Exercise prompt: From the records below, output exactly the lines running from the line containing "2025 Audi Q3" through the line containing "లెహంగా చోళీలో కట్టిపడేస్తున్న", and no others.

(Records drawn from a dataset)
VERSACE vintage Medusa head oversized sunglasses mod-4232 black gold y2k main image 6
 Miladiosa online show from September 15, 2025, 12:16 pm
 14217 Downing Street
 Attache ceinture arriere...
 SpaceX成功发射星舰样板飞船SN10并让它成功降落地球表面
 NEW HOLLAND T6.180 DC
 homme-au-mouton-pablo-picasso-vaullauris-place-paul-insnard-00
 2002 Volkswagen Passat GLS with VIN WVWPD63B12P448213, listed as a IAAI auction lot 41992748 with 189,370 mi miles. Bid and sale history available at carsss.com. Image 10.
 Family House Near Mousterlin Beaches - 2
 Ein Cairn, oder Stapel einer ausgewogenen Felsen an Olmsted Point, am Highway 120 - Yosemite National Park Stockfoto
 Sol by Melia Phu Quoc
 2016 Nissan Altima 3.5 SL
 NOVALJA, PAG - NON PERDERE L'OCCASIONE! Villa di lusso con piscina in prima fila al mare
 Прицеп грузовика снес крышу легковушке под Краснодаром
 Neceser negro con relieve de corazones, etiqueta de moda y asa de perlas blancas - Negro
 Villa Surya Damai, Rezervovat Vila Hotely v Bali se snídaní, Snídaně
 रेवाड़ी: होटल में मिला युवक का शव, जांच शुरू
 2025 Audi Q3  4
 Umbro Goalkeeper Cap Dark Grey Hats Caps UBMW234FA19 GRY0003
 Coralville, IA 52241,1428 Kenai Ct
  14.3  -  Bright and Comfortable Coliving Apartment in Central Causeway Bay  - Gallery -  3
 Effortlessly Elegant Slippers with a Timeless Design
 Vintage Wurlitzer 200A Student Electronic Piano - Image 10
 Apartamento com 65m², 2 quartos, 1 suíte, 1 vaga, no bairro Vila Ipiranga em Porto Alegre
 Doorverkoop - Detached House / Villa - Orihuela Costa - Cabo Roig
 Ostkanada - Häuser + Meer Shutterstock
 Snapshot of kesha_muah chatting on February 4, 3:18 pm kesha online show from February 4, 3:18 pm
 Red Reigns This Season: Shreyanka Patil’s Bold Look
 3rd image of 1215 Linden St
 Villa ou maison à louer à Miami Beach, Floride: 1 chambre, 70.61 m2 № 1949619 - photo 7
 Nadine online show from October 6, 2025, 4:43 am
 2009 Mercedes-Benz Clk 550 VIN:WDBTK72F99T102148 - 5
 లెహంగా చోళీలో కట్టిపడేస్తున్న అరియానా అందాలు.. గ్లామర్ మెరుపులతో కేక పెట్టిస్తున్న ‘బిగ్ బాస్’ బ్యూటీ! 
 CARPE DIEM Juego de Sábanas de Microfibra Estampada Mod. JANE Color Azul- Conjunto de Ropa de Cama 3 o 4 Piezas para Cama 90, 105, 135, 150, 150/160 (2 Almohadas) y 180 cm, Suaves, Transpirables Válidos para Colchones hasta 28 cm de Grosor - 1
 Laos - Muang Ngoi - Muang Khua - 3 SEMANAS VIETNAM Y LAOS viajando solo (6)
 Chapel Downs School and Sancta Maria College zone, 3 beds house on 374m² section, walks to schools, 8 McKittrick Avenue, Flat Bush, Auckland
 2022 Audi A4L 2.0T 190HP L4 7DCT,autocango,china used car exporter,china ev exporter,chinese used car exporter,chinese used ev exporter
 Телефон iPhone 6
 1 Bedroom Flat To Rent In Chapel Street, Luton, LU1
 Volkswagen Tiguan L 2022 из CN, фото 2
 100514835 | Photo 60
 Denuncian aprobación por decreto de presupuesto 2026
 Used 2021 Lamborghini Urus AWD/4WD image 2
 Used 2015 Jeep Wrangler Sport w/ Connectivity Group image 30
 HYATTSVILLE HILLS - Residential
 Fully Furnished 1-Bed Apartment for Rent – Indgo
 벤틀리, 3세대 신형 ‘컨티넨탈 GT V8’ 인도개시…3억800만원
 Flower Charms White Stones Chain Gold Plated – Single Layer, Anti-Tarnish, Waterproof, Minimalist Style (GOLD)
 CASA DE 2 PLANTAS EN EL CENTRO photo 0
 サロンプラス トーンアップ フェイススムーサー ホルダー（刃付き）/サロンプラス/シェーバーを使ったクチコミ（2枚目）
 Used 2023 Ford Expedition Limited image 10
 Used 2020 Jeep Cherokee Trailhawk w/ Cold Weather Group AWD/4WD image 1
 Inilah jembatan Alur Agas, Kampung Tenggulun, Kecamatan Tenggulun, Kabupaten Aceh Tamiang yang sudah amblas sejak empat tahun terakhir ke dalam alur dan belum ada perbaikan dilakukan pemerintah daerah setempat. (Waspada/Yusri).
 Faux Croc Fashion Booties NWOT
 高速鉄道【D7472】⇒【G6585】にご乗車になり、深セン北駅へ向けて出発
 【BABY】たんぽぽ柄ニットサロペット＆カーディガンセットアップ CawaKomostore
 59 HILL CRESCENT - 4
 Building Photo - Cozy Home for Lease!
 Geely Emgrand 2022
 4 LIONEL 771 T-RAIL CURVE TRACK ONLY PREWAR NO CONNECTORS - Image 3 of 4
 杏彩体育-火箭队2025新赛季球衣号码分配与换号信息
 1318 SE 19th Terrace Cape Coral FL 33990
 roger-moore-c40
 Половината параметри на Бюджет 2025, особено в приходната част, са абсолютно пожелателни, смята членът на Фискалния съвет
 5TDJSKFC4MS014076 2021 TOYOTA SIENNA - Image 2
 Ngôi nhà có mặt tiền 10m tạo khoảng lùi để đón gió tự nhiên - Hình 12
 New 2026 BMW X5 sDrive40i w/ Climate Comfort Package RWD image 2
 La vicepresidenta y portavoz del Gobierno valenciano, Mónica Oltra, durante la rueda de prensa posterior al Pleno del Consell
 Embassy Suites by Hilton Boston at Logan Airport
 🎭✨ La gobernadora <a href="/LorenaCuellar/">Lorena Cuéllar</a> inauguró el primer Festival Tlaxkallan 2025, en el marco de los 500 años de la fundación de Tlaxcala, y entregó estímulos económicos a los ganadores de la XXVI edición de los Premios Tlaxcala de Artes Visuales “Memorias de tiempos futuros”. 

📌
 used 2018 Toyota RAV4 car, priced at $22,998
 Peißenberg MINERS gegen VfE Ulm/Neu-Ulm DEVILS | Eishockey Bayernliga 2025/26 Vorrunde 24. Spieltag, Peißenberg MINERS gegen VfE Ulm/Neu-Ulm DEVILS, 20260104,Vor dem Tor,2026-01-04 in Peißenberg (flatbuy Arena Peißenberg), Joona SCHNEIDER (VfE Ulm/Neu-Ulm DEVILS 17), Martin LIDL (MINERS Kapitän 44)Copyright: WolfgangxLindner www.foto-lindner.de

The answer:
 2025 Audi Q3  4
 Umbro Goalkeeper Cap Dark Grey Hats Caps UBMW234FA19 GRY0003
 Coralville, IA 52241,1428 Kenai Ct
  14.3  -  Bright and Comfortable Coliving Apartment in Central Causeway Bay  - Gallery -  3
 Effortlessly Elegant Slippers with a Timeless Design
 Vintage Wurlitzer 200A Student Electronic Piano - Image 10
 Apartamento com 65m², 2 quartos, 1 suíte, 1 vaga, no bairro Vila Ipiranga em Porto Alegre
 Doorverkoop - Detached House / Villa - Orihuela Costa - Cabo Roig
 Ostkanada - Häuser + Meer Shutterstock
 Snapshot of kesha_muah chatting on February 4, 3:18 pm kesha online show from February 4, 3:18 pm
 Red Reigns This Season: Shreyanka Patil’s Bold Look
 3rd image of 1215 Linden St
 Villa ou maison à louer à Miami Beach, Floride: 1 chambre, 70.61 m2 № 1949619 - photo 7
 Nadine online show from October 6, 2025, 4:43 am
 2009 Mercedes-Benz Clk 550 VIN:WDBTK72F99T102148 - 5
 లెహంగా చోళీలో కట్టిపడేస్తున్న అరియానా అందాలు.. గ్లామర్ మెరుపులతో కేక పెట్టిస్తున్న ‘బిగ్ బాస్’ బ్యూటీ! 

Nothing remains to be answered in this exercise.